Marginal posterior summaries of several model parameters.

Parameter Description Mean (median) MC error for mean 95% Credible interval
μ Overall log RR –0.5963 (–0.6064) 0.0651 –1.2493 to 0.07618
β0 Same-day mortality 0.0025 (0.0026) 0.0002 –0.0040 to 0.0092
β1 Lagged mortality (1) 0.0039 (0.0038) 0.0003 –0.0034 to 0.0115
β2 Lagged mortality (2) 0.0108 (0.0108) 0.0003 0.0028 to 0.0181
β3 Lagged mortality (3) –0.0011 (–0.0010) 0.0002 –0.0078 to 0.0051
σz2 Simulator variance 20.2853 (20.9932) 0.1489 12.3870 to 24.8422
σx2 Monitor error 1.6495 (1.6476) 0.0009 1.5594 to 1.7457
θ0 Mean PM2.5 (μg/m3) 9.6856 (9.6916) 0.0275 6.1121 to 13.1849
θ1 Maximum temperature (°F) 0.0879 (0.0872) 0.0006 0.0224 to 0.1527
θ2 Wind speed (miles/hr) –0.0799 (–0.0798) 0.0009 –0.1607 to 0.0024
θ3 Sine term –0.8764 (–0.8699) 0.0061 –1.4987 to –0.2455
θ4 Cosine term –1.3451 (–1.3528) 0.0091 –2.3660 to –0.3142

Abbreviations: MC, Monte Carlo; RR, relative risk.

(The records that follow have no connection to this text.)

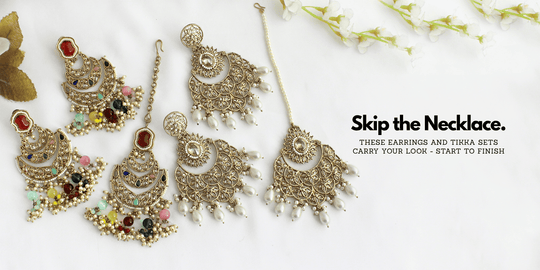earrings tikka set desktop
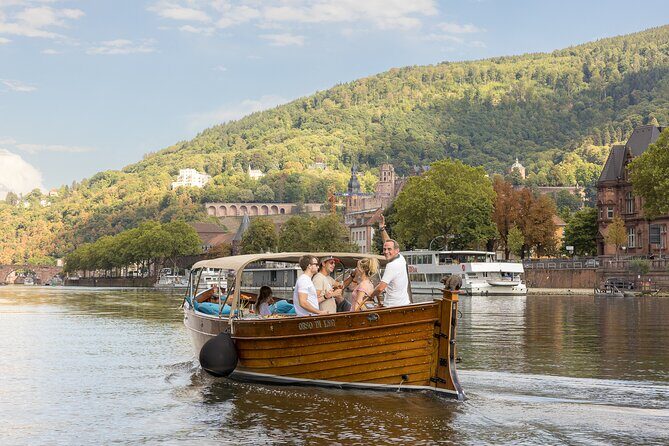 Heidelberg: exclusive private boat trip for up to 12 guests - A quick look at this exclusive boat experience
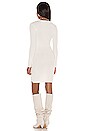 view 3 of 5 Longe Ryder Knit Dress in White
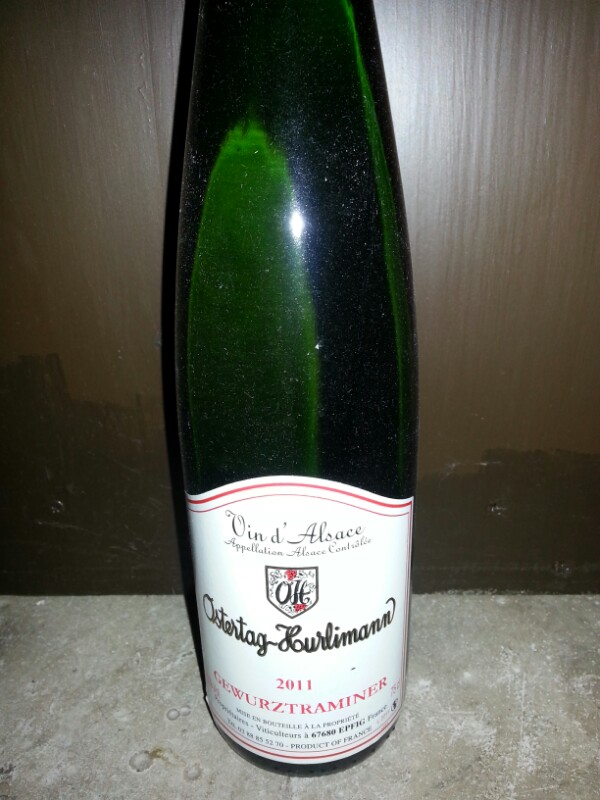 Alsace Gewurztraminer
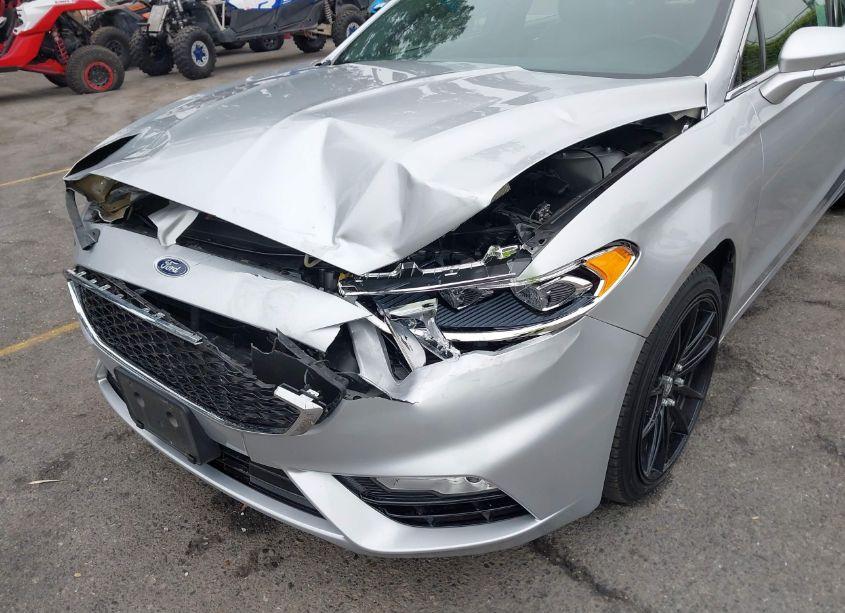 Photo 6 of 2017 Ford Fusion SPORT (VIN 3FA6P0VP1HR253051)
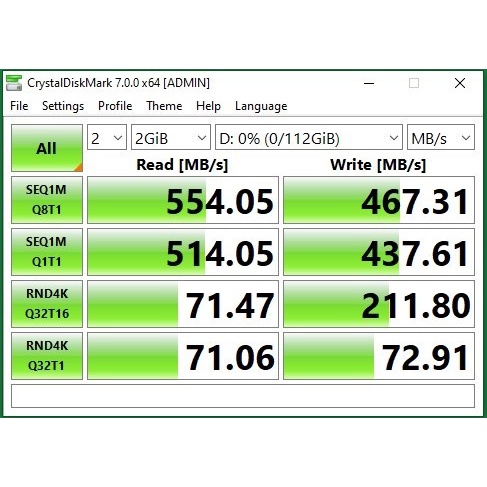Genuine SSD Sata III 120GB/ 240GB/ 480GB/ 1TB 2.5" - 120GB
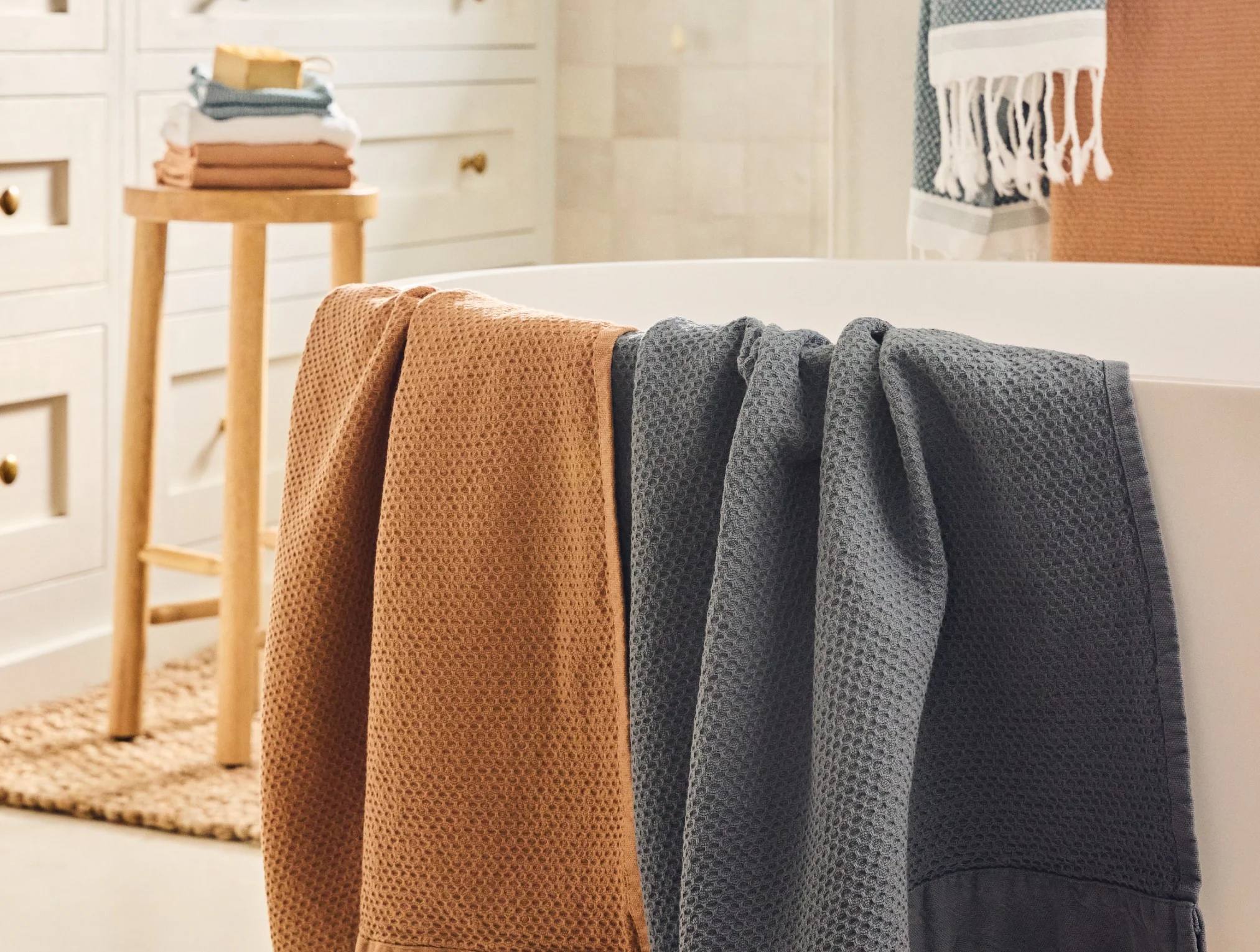 Adriatic Organic Towels - Set of 6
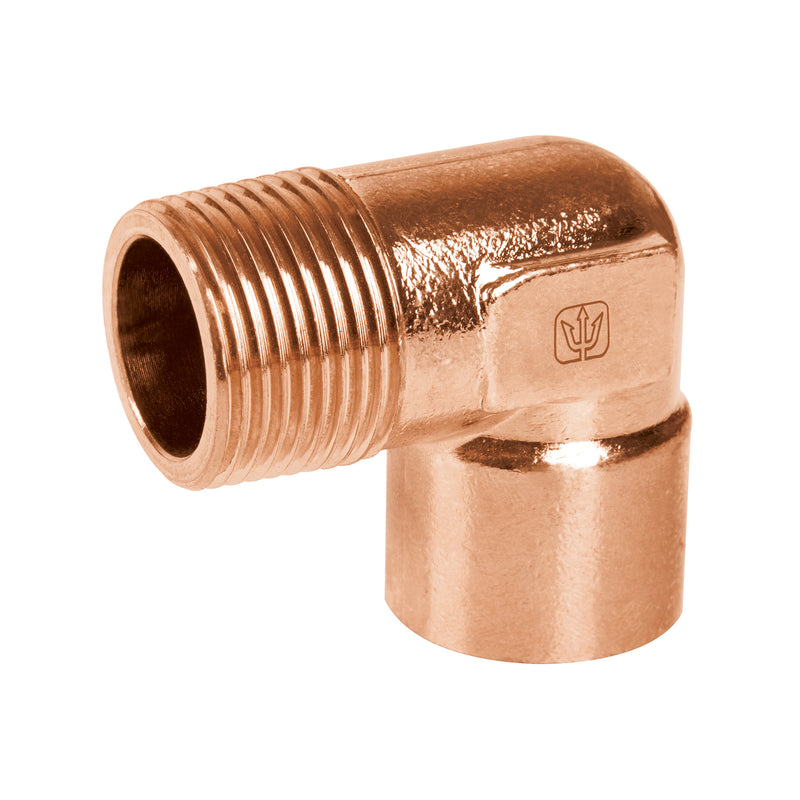 CODO 90 CU 19MM  (3/4) MARCA FOSET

The posterior analysis indicates a positive effect of PM2.5 exposure on the relative risk of cardiovascular mortality. The posterior marginal expectations of the parameters indicate that a 10-μg/m3 increase in average PM2.5 exposure is associated with a 2.5% increase (95% credible interval, –3.9 to 9.6) in the relative risk of current day cardiovascular mortality, a 4.0% increase (–3.3 to 12.2) in the relative risk of cardiovascular mortality the next day, an 11.4% increase (2.8 to 19.8) in the relative risk of cardiovascular mortality 2 days later, and a 1.1% decrease (–7.5 to 5.2) in the relative risk of cardiovascular mortality 3 days later. These rates were calculated by multiplying the β-value corresponding to the effect by 10 and exponentiating. Only the effect on the second day after exposure has a > 95% posterior probability of exceeding zero. Note that the estimates presented are marginal expectations and therefore cannot be added together (e.g., to get an overall risk of cardiovascular mortality from exposure to PM2.5) in a meaningful way. The negative estimate on the third day might be considered an unexpected effect, but it does lend some support to the theory of harvesting (Schwartz 2000). This theory hypothesizes that individuals close to dying of cardiovascular-related causes may die soon after a spike in PM2.5 exposure, leaving only healthier individuals and consequently decreasing the overall risk of cardiovascular mortality in the total population.

We are unaware of any other study that has attempted to directly estimate the effect of PM2.5 exposure on mortality, but some related estimates for PM10 are available from the HEI study (Samet et al. 2000). In that study, a 10-μg/m3 increase in PM10 exposure is associated with a 1.4% increase in same-day relative risk of mortality. Although the uncertainty about the HEI estimate is much smaller (probably as the result of a longer time period of study), the point estimate is similar to the one obtained in our analysis.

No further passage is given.